* **DIRECTIONS FOR THIS TASK**: Write out the data exactly, please, and omit the pictures.
*** Opening of RECORD SET ***
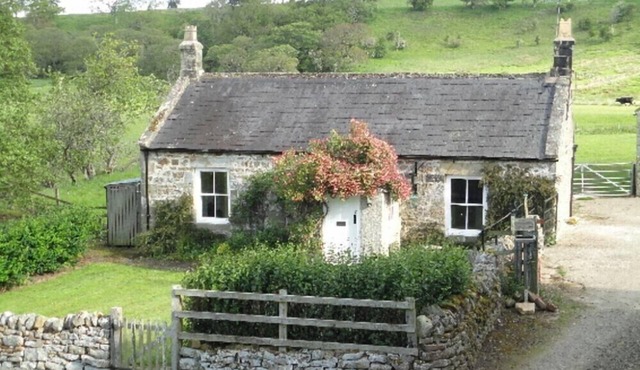 HONEYSUCKLE COTTAGE (WARK ON TYNE), family friendly in Wark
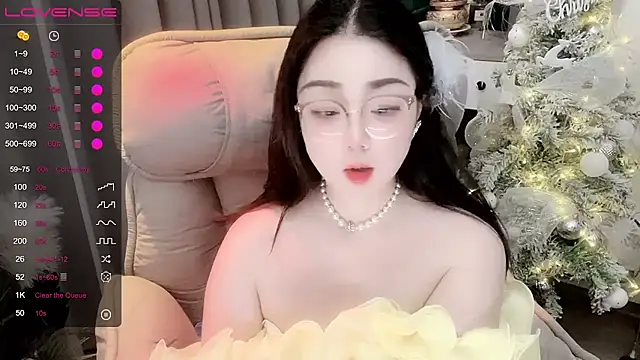 Monica-666888- webcam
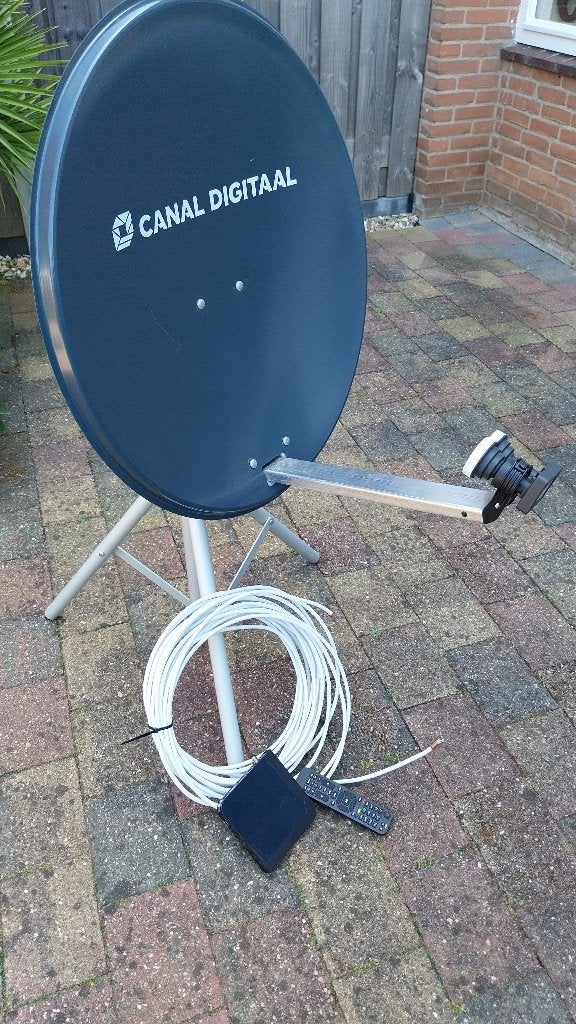 Schotel antenne, Ophalen, Zo goed als nieuw, (Schotel)antenne-accessoires, Overige merken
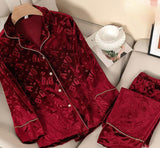 Two-piece pajamas made of velvet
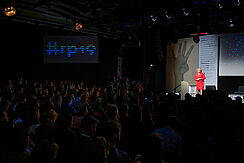 Bundesumweltministerin auf dem Podium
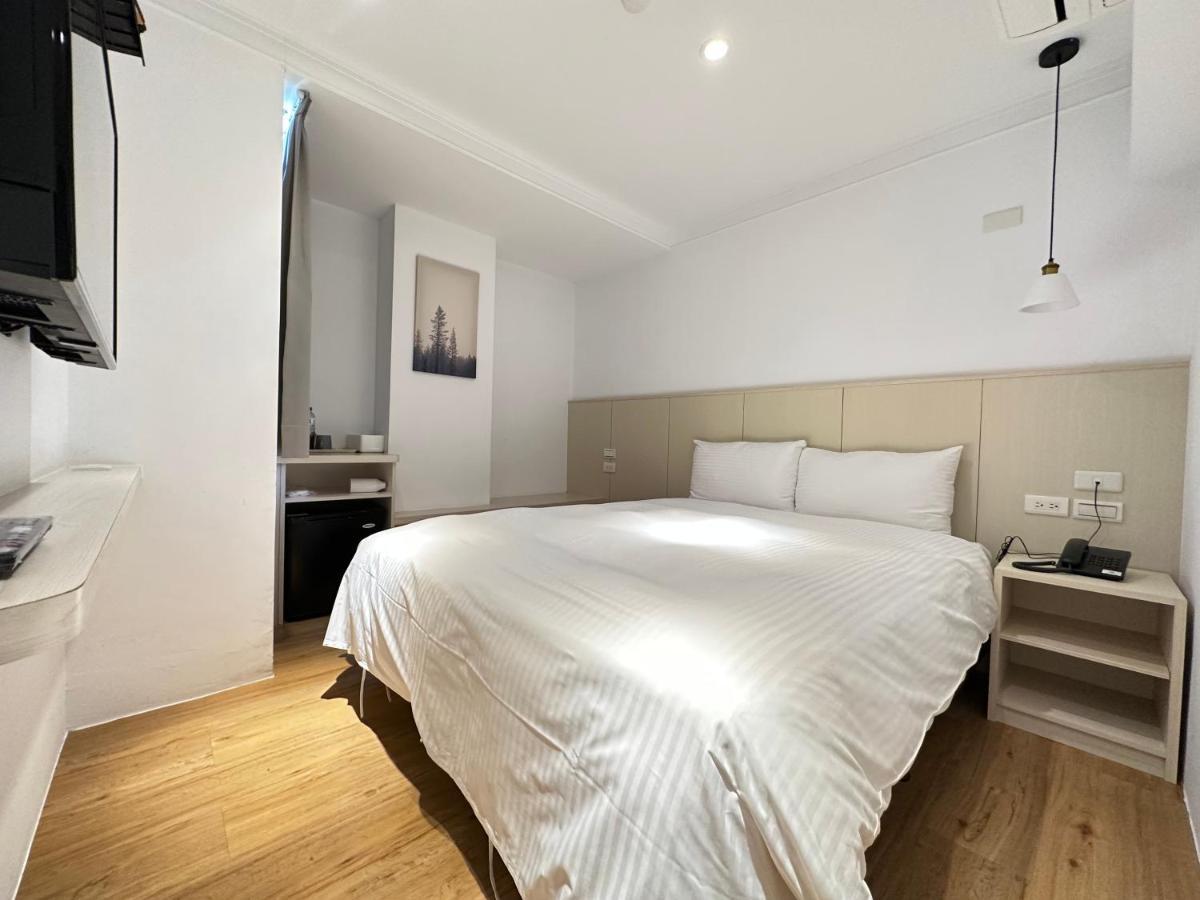 Yoshi Hotel - Tainan Station Branch Zewnętrze zdjęcie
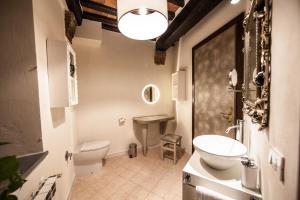 y baño con lavamanos, aseo y lavamanos. en Accogliente Appartamento sulle Colline Toscane, en Capannori
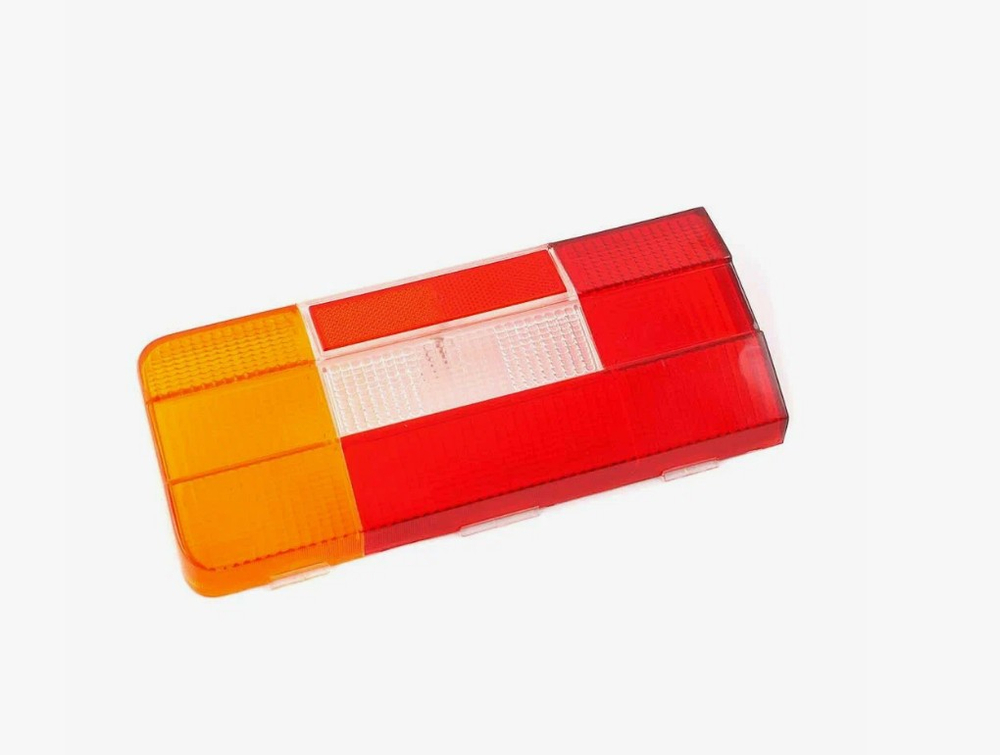 Рассеиватель заднего фонаря ВАЗ 2106 левый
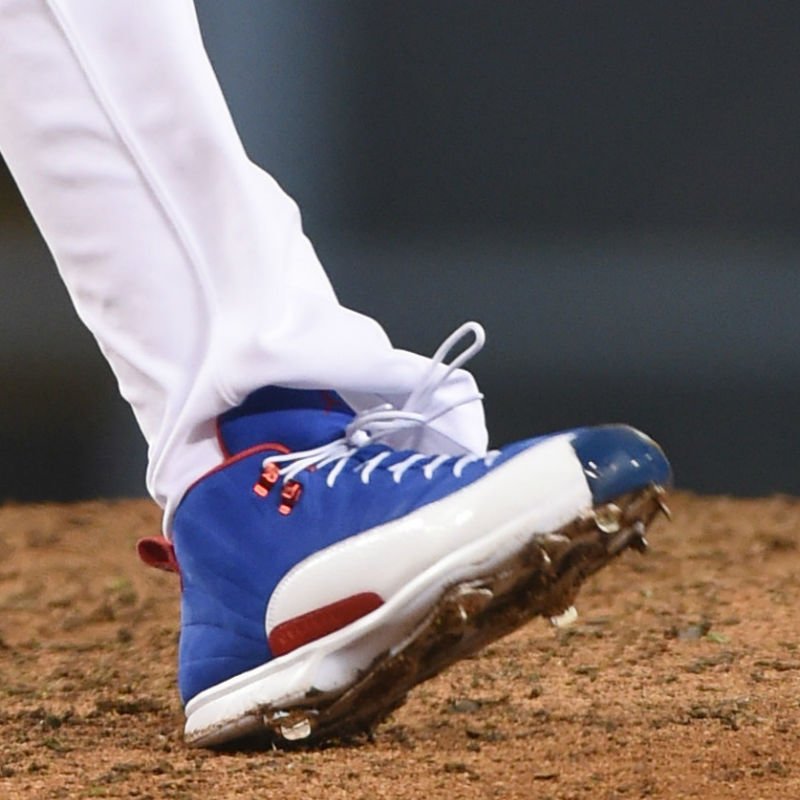 kenley jansen jordan cleats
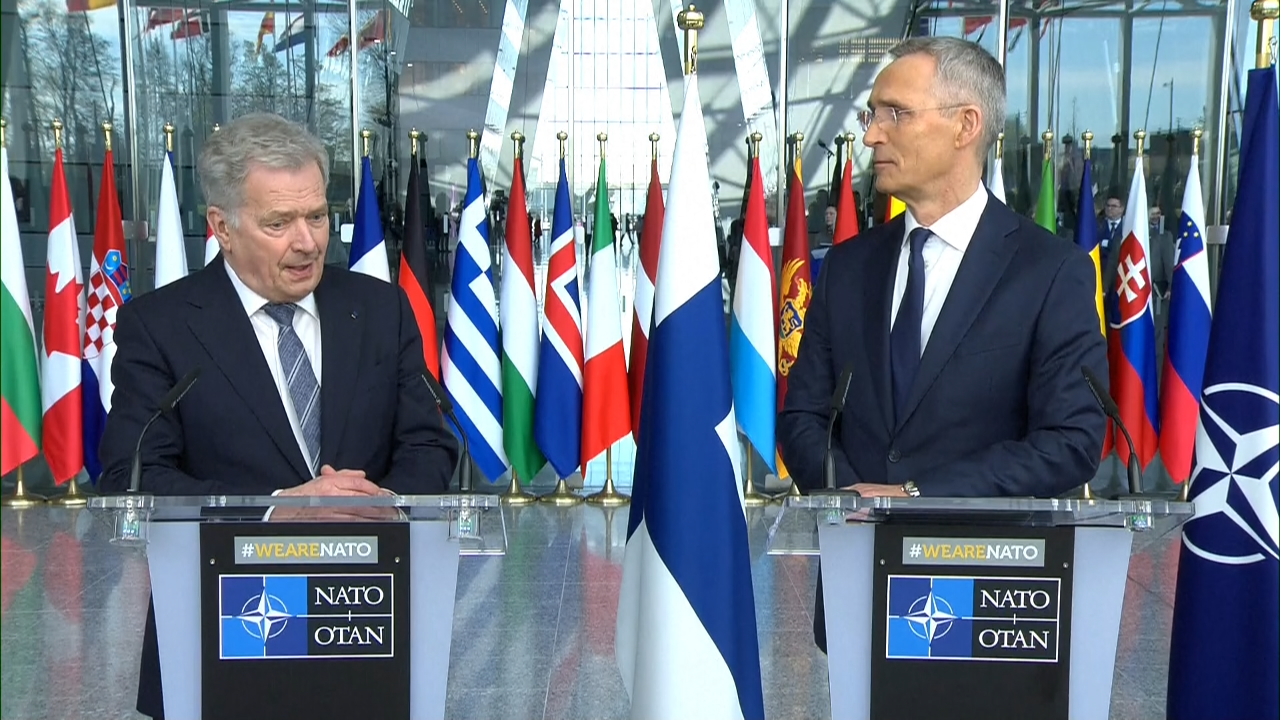 O presidente finlandés, Sauli Niinistö, canda o secretario xeral da OTAN, Jens Stoltenberg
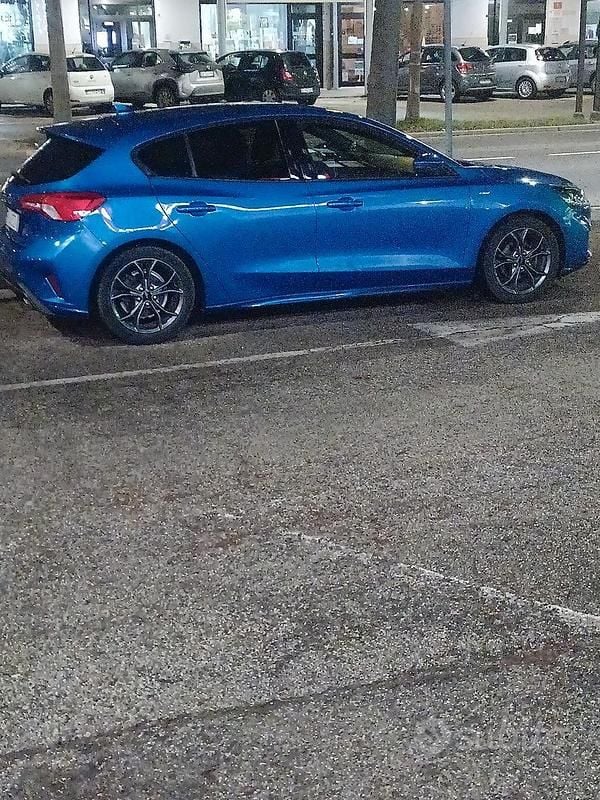 Blu Usata 2020 Ford Focus ST-Line Berlina | 12.000 € (Buon prezzo) - Immagine 1/4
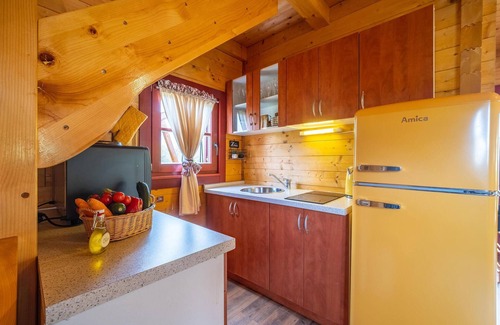 Licko Lesce House | Gorgeous home in Licko Lesce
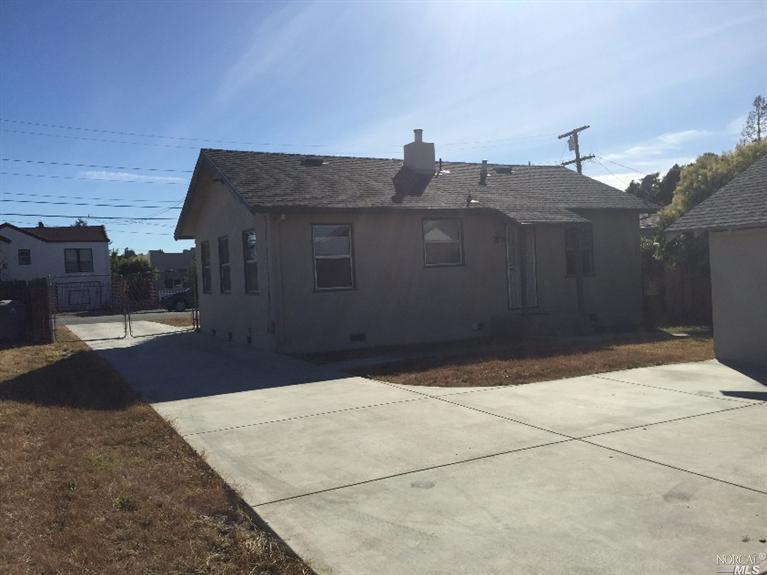 18 Thomas Ave, Vallejo, CA 94590 photo 3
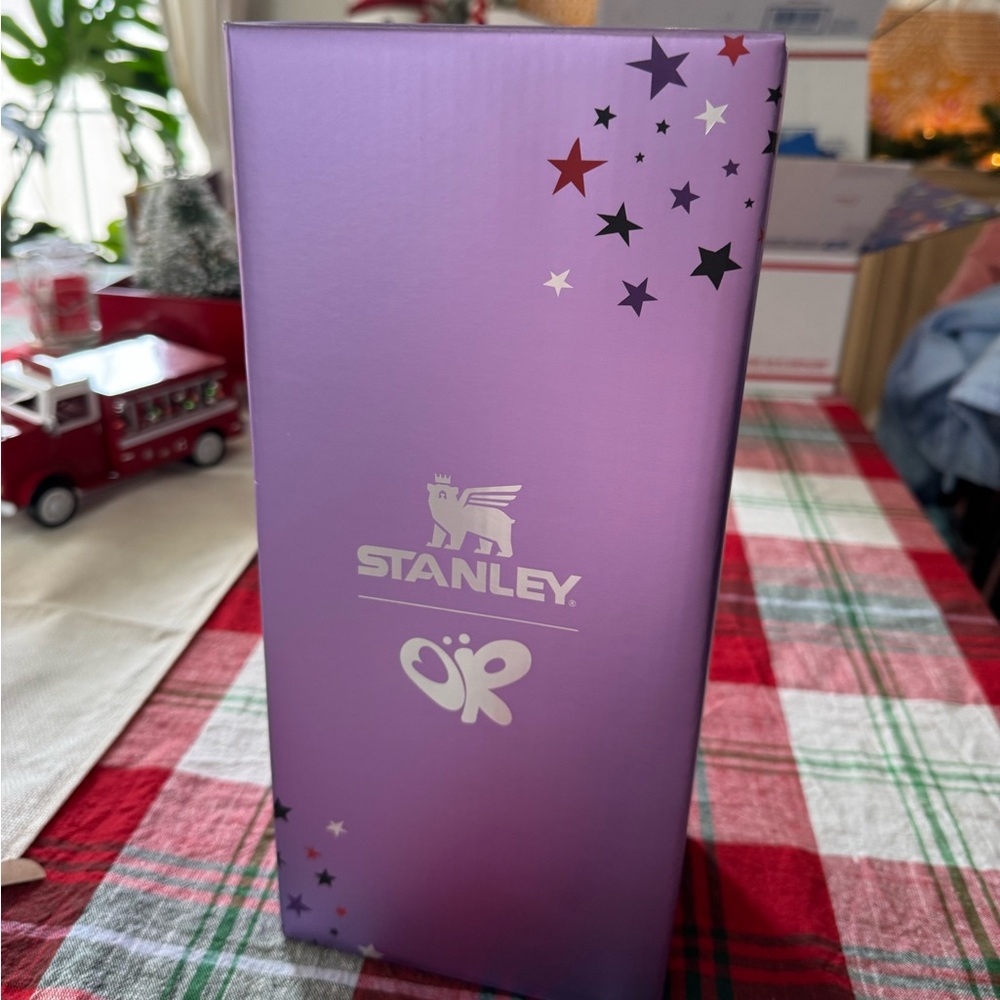 Olivia Rodrigo Stanley 40oz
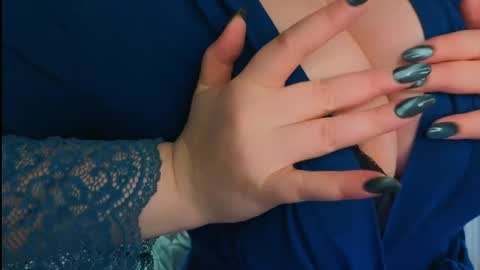 katniss_k online show from April 11, 5:01 am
*** Close of RECORD SET ***
* **RESPONSE FOR THIS EXERCISE**:
 HONEYSUCKLE COTTAGE (WARK ON TYNE), family friendly in Wark
 Monica-666888- webcam
 Schotel antenne, Ophalen, Zo goed als nieuw, (Schotel)antenne-accessoires, Overige merken
 Two-piece pajamas made of velvet
 Bundesumweltministerin auf dem Podium
 Yoshi Hotel - Tainan Station Branch Zewnętrze zdjęcie
 y baño con lavamanos, aseo y lavamanos. en Accogliente Appartamento sulle Colline Toscane, en Capannori
 Рассеиватель заднего фонаря ВАЗ 2106 левый
 kenley jansen jordan cleats
 O presidente finlandés, Sauli Niinistö, canda o secretario xeral da OTAN, Jens Stoltenberg
 Blu Usata 2020 Ford Focus ST-Line Berlina | 12.000 € (Buon prezzo) - Immagine 1/4
 Licko Lesce House | Gorgeous home in Licko Lesce
 18 Thomas Ave, Vallejo, CA 94590 photo 3
 Olivia Rodrigo Stanley 40oz
 katniss_k online show from April 11, 5:01 am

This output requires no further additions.